While the premiers of British Columbia and Alberta remain at odds over the pipeline, Morneau told reporters at a news conference last week that the risk of conflict between provincial governments is something the federal government could “indemnify” for a private entity seeking to enter the project. Though there has been little clarification of what such a guarantee would entail, Morneau specified that Canadians could think of it as insurance, which the investor would have to pay. “Like any insurance, it will have a premium attached to it,” he said.
In a recent interview with Reuters, Mark Machin, chief executive of the Canada Pension Plan Investment Board, expressed interest in investing in the project. “If it’s an opportunity that has decent returns then we’ll look at it,” he said.
Taking on the pipeline would be a massive undertaking for any investor, according to Sherena Hussain, assistant professor in the real estate and infrastructure program at York University’s Schulich School of Business. “Pipelines are unique infrastructure businesses and only a handful of organizations are capable of extracting value from such a large capital spend to meet their return requirements,” she says. “I would argue that an institutional investor will have to seriously consider not only the construction and commercial risk/return profile of this pipeline but also the unique political and environmental risks that they will be inheriting.”
Hussain doesn’t believe Morneau’s comments will make a significant difference in whether or not a pension plan would get involved in the Trans Mountain pipeline project. “It is unlikely that it will make large institutional investors more likely to consider an investment as they tend to stay away from large greenfield investments due to the large construction risk profile of a pipeline of this size,” she says.
“In many cases institutional investors will first examine the fundamental risk and return profile of such an investment, then weigh the value of the federal government’s indemnity as a means to reduce political risk exposure in order to determine whether to proceed and on what terms.”
On Tuesday, the British Columbia government filed a constitutional lawsuit to counter a bill from Alberta intending to limit fuel sent to B.C. “It’s very interesting, on one hand they don’t want our oil and on the other hand they’re suing us to give them our oil,” said Alberta Premier Rachel Notley in response at a news conference.
British Columbia’s government has faced criticism as the debate over the pipeline project continues.
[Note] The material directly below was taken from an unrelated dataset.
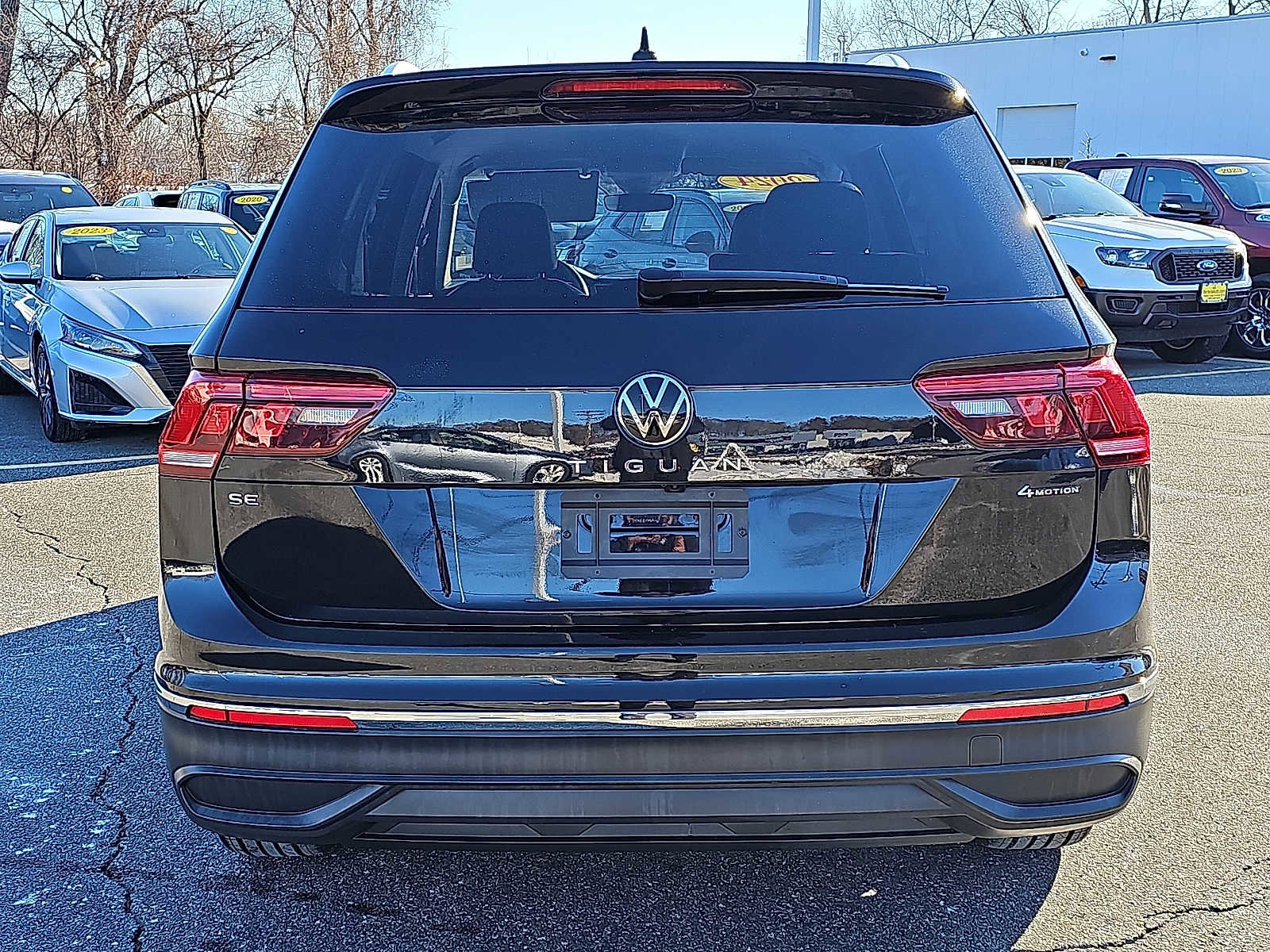 Used 2024 Volkswagen Tiguan SE image 5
For one, the British Columbia Investment Management Corp. owned $65.3 million worth of shares in Kinder Morgan as of March 31, 2017, among investments in other fossil fuel companies, including $54 million in Keyera Corp., a Canadian natural gas company; $49.3 million in Inter Pipeline Ltd., a petroleum infrastructure builder; and $91.3 in Imperial Oil, to name a few.
However, B.C’s Finance Minister Carole James told Global News that BCI makes its investment decisions independently. “It’s a huge portfolio, we have a very good record when it comes to our pensions in British Columbia, we’re known for having very good clear standards, so the B.C. management pension folks make those decisions themselves.”